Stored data
- - -
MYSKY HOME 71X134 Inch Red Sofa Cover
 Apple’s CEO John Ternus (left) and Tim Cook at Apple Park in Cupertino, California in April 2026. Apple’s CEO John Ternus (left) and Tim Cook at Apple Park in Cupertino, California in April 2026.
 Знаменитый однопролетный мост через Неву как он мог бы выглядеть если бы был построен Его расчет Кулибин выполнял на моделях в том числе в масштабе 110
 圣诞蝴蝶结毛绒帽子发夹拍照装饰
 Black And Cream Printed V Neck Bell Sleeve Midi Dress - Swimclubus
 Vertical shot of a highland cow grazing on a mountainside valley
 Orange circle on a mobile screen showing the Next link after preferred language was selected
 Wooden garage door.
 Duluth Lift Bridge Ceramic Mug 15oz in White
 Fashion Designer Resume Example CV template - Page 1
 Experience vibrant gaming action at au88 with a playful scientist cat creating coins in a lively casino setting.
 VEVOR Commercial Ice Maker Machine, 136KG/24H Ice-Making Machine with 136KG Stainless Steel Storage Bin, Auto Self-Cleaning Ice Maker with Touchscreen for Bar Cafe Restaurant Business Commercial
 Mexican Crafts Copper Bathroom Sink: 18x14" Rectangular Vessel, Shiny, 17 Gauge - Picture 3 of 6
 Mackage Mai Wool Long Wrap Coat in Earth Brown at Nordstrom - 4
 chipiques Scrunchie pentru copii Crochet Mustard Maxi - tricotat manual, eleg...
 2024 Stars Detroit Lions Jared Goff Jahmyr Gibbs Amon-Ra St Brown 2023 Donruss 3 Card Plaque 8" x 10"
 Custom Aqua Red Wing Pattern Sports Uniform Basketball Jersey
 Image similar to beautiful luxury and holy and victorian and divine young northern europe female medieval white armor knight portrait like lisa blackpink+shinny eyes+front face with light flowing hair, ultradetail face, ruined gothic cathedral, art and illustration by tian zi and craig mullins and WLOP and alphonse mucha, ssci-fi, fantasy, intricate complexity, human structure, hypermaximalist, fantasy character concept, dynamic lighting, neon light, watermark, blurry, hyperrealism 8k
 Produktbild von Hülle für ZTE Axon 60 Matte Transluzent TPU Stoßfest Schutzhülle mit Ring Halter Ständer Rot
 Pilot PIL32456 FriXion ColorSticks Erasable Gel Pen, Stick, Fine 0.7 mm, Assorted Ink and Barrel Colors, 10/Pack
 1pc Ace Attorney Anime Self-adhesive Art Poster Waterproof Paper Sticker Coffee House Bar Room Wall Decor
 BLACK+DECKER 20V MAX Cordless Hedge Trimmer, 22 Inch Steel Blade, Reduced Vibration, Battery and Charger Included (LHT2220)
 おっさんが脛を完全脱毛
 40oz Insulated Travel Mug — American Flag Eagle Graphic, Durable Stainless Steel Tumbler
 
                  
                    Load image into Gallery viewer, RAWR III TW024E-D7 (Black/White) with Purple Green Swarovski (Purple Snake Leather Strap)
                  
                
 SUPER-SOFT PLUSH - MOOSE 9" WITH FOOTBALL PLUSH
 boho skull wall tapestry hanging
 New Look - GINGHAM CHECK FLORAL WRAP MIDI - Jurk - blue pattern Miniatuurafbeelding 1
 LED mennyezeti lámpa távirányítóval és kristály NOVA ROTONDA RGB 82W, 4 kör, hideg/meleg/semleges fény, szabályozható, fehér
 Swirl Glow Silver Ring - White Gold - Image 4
- - -
## Work to complete
What is needed is an exact copy of the lines above, from the one containing "Mexican Crafts Copper" through the one containing "Image similar to", with nothing added.

## Solution to this task
 Mexican Crafts Copper Bathroom Sink: 18x14" Rectangular Vessel, Shiny, 17 Gauge - Picture 3 of 6
 Mackage Mai Wool Long Wrap Coat in Earth Brown at Nordstrom - 4
 chipiques Scrunchie pentru copii Crochet Mustard Maxi - tricotat manual, eleg...
 2024 Stars Detroit Lions Jared Goff Jahmyr Gibbs Amon-Ra St Brown 2023 Donruss 3 Card Plaque 8" x 10"
 Custom Aqua Red Wing Pattern Sports Uniform Basketball Jersey
 Image similar to beautiful luxury and holy and victorian and divine young northern europe female medieval white armor knight portrait like lisa blackpink+shinny eyes+front face with light flowing hair, ultradetail face, ruined gothic cathedral, art and illustration by tian zi and craig mullins and WLOP and alphonse mucha, ssci-fi, fantasy, intricate complexity, human structure, hypermaximalist, fantasy character concept, dynamic lighting, neon light, watermark, blurry, hyperrealism 8k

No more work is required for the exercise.